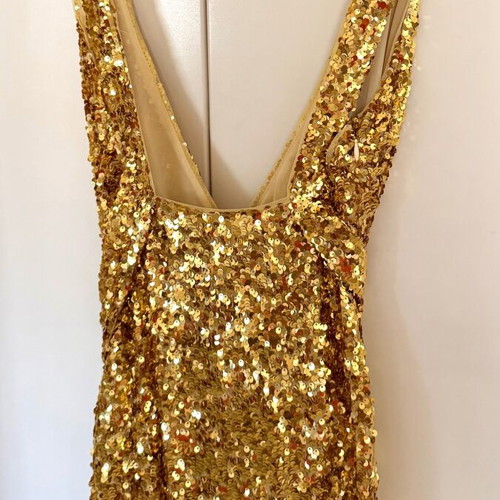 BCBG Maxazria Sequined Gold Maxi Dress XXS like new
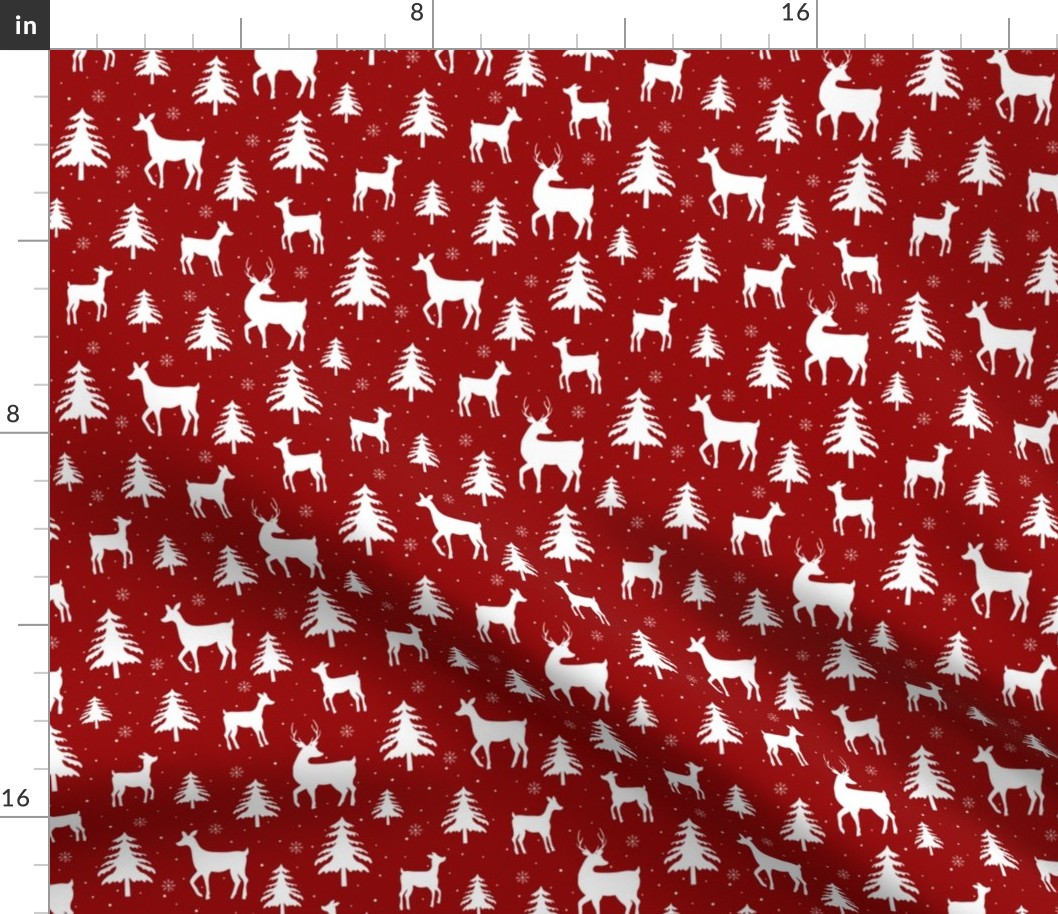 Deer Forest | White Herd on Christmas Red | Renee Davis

...

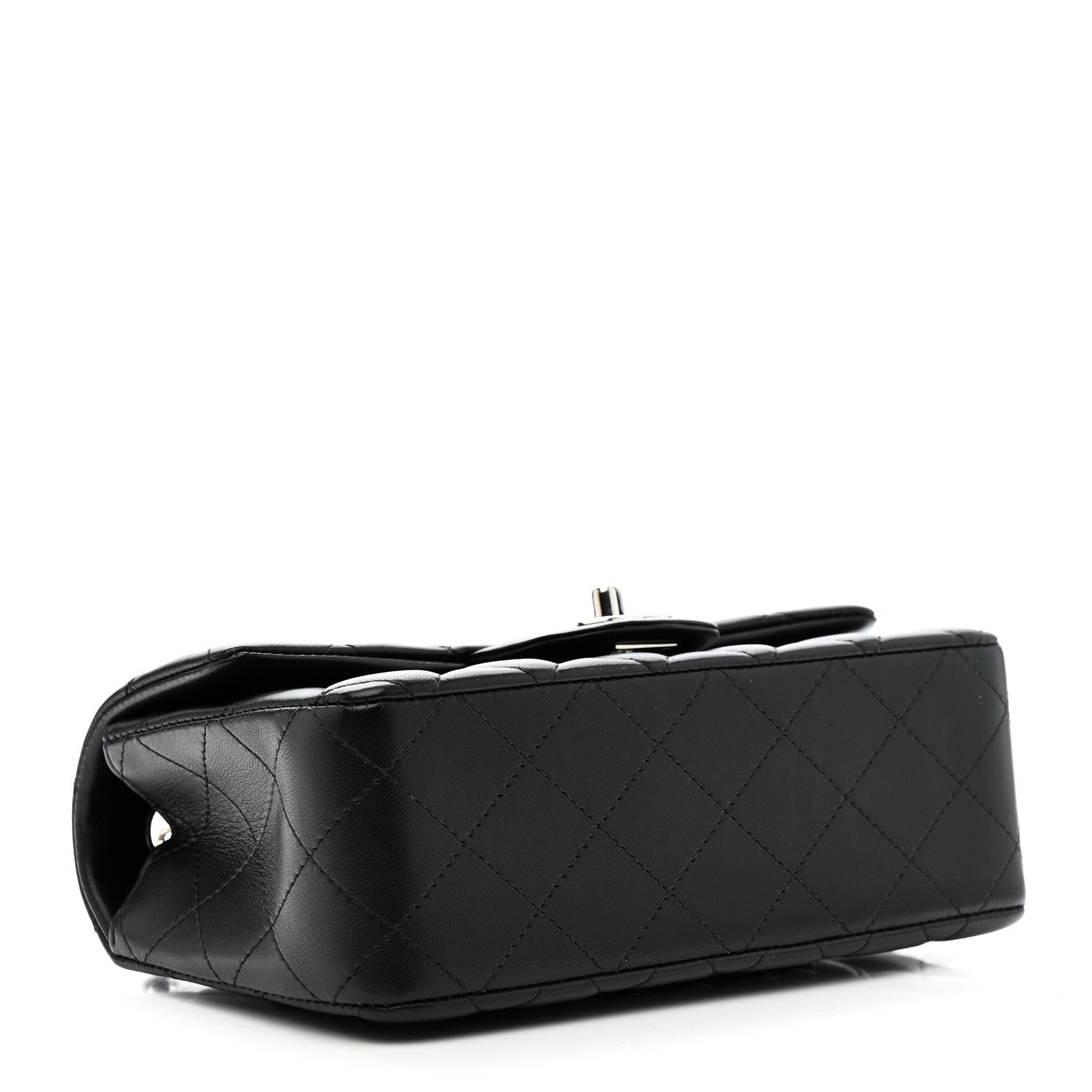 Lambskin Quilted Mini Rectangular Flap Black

--

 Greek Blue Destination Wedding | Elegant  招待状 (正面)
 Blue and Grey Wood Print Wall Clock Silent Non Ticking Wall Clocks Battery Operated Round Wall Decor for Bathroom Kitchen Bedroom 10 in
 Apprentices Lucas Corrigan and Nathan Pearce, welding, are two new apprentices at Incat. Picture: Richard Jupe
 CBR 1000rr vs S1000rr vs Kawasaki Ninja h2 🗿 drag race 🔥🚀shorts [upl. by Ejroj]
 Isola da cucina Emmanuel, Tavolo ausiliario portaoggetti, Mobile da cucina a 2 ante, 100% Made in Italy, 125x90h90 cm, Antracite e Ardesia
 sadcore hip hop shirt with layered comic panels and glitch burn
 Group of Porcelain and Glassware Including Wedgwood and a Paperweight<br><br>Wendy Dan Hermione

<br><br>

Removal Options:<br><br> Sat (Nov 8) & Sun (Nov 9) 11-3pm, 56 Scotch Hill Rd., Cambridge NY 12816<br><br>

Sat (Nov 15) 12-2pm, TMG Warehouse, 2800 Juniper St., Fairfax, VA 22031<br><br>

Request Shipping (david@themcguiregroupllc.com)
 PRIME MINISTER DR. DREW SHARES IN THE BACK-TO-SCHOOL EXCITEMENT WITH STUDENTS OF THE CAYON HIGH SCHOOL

Task brief
The response should consist of the number of lines in the data that hold the word "Blue", with nothing added.

Task answer
2